== Records supplied ==
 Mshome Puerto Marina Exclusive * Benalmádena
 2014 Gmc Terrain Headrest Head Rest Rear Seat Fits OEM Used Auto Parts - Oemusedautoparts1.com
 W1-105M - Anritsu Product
===
== Records supplied ==
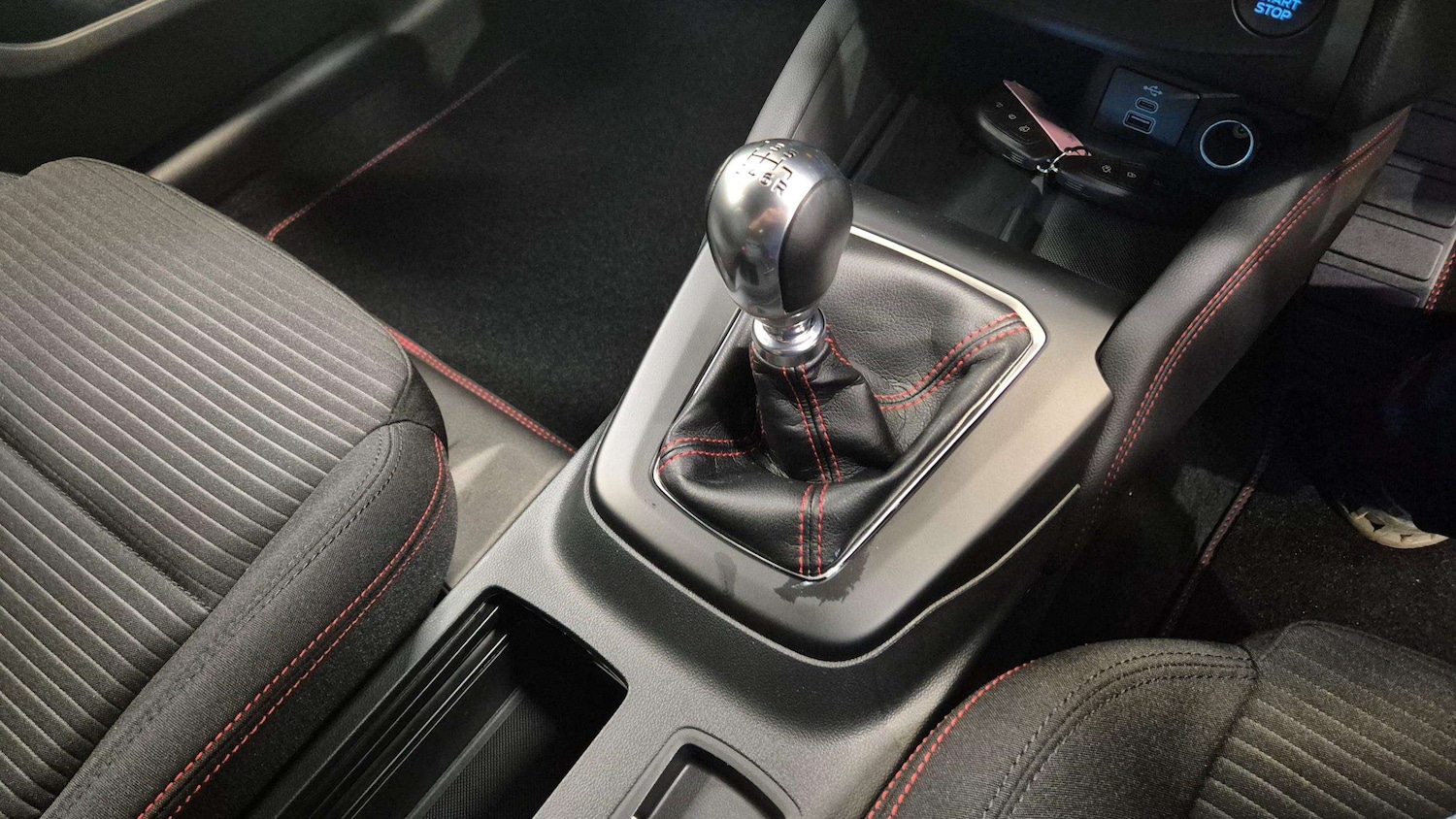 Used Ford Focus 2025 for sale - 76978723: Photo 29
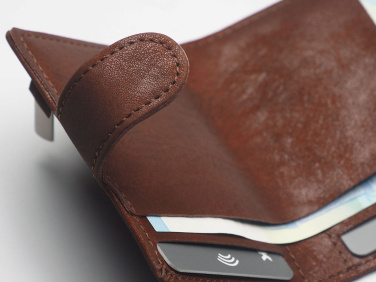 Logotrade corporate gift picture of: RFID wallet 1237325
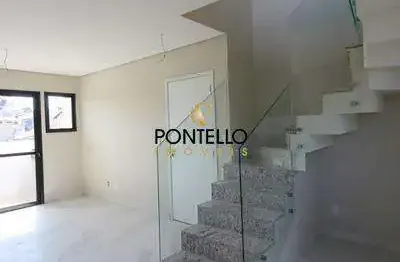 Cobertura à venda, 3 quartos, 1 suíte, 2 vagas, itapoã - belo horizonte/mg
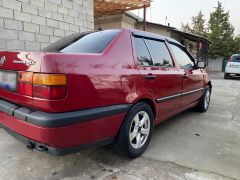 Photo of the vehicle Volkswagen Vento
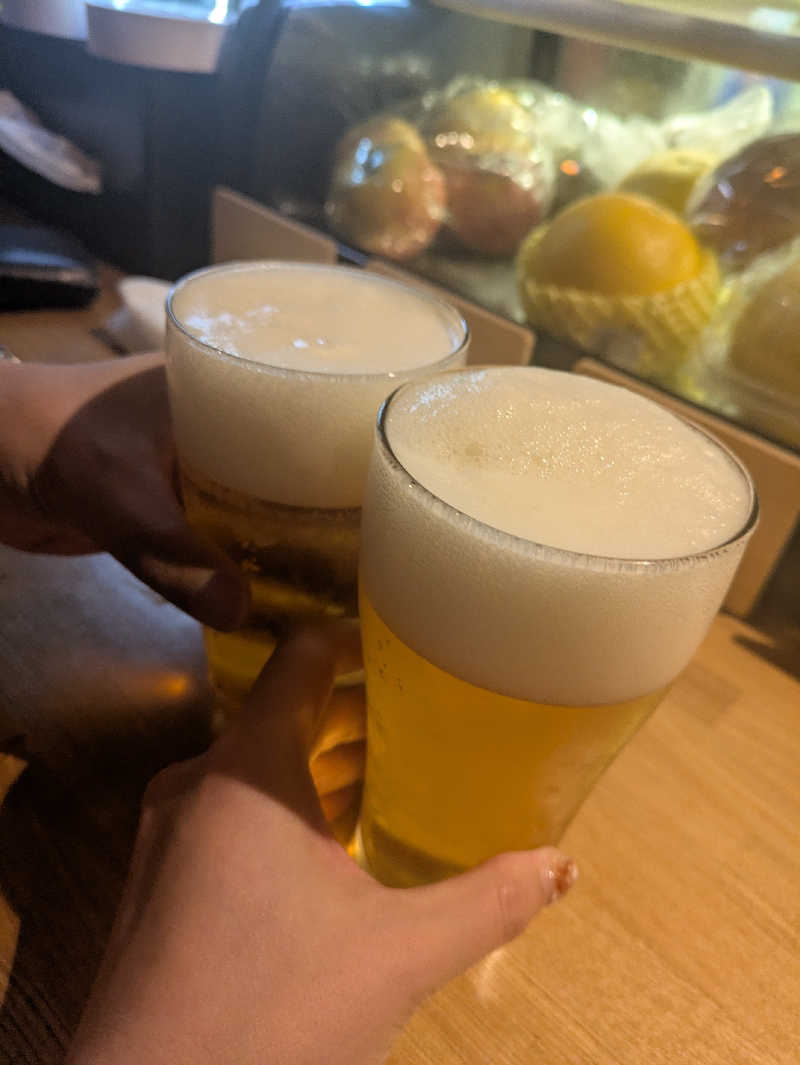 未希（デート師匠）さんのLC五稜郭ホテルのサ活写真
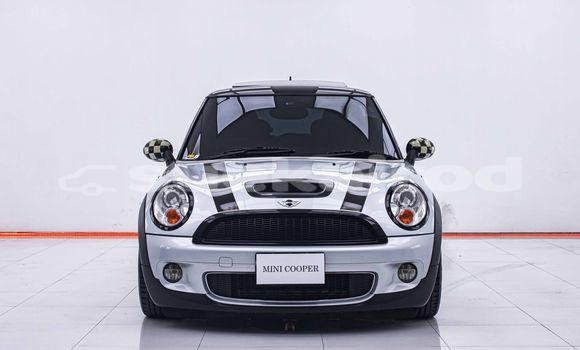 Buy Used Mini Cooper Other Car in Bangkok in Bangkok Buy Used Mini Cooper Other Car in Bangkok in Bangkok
===
- Task brief -
Given the data above, transcribe exactly the lines from the one containing "Mshome Puerto Marina Exclusive * Benalmádena" down to the one containing "W1-105M - Anritsu Product", and no others.

- Answer below -
 Mshome Puerto Marina Exclusive * Benalmádena
 2014 Gmc Terrain Headrest Head Rest Rear Seat Fits OEM Used Auto Parts - Oemusedautoparts1.com
 W1-105M - Anritsu Product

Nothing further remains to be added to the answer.